• **DESCRIPTION OF THE TASK**
The copy you return should hold every record below word for word and no images.

[Short text fragments from websites]
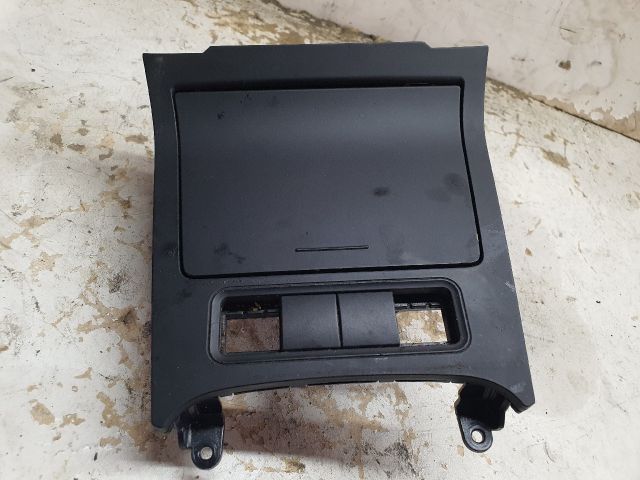 bontott VW GOLF V Első Hamutartó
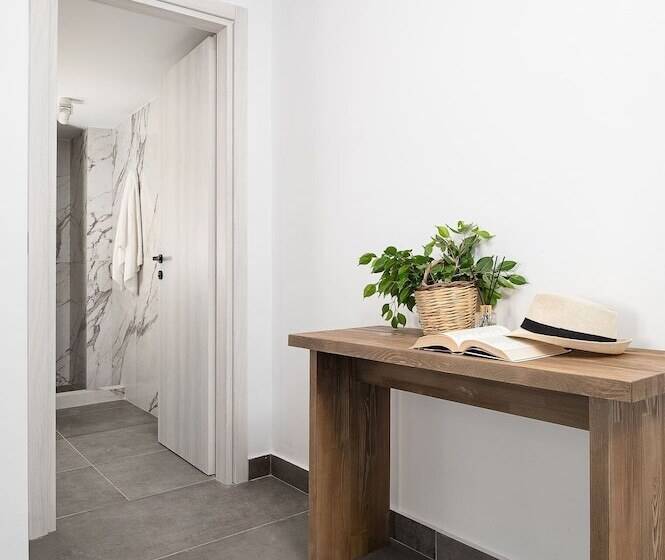 Апартаменты 1 Спальня Вид на Море, Stella Luxury Apartments
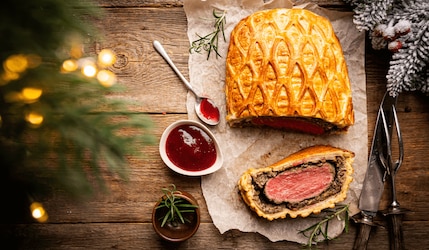 Filet Wellington angeschnitten auf einem Brett zu Weihnachten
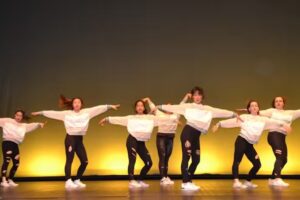 ACADEMIA DE BAILE VICTORIA GIL DANZA & ESCENA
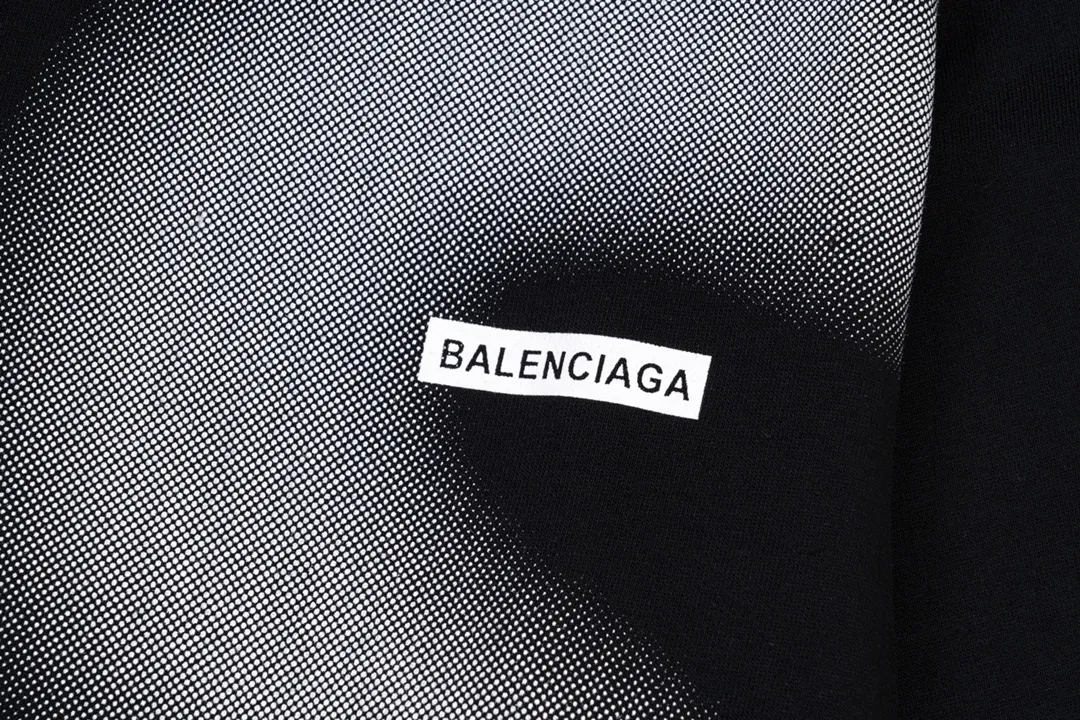 【BALENCIAGA公式旗艦店】バレンシアガ ご好評に付き再入荷！！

• **EXERCISE RESPONSE**
 bontott VW GOLF V Első Hamutartó
 Апартаменты 1 Спальня Вид на Море, Stella Luxury Apartments
 Filet Wellington angeschnitten auf einem Brett zu Weihnachten
 ACADEMIA DE BAILE VICTORIA GIL DANZA & ESCENA
 【BALENCIAGA公式旗艦店】バレンシアガ ご好評に付き再入荷！！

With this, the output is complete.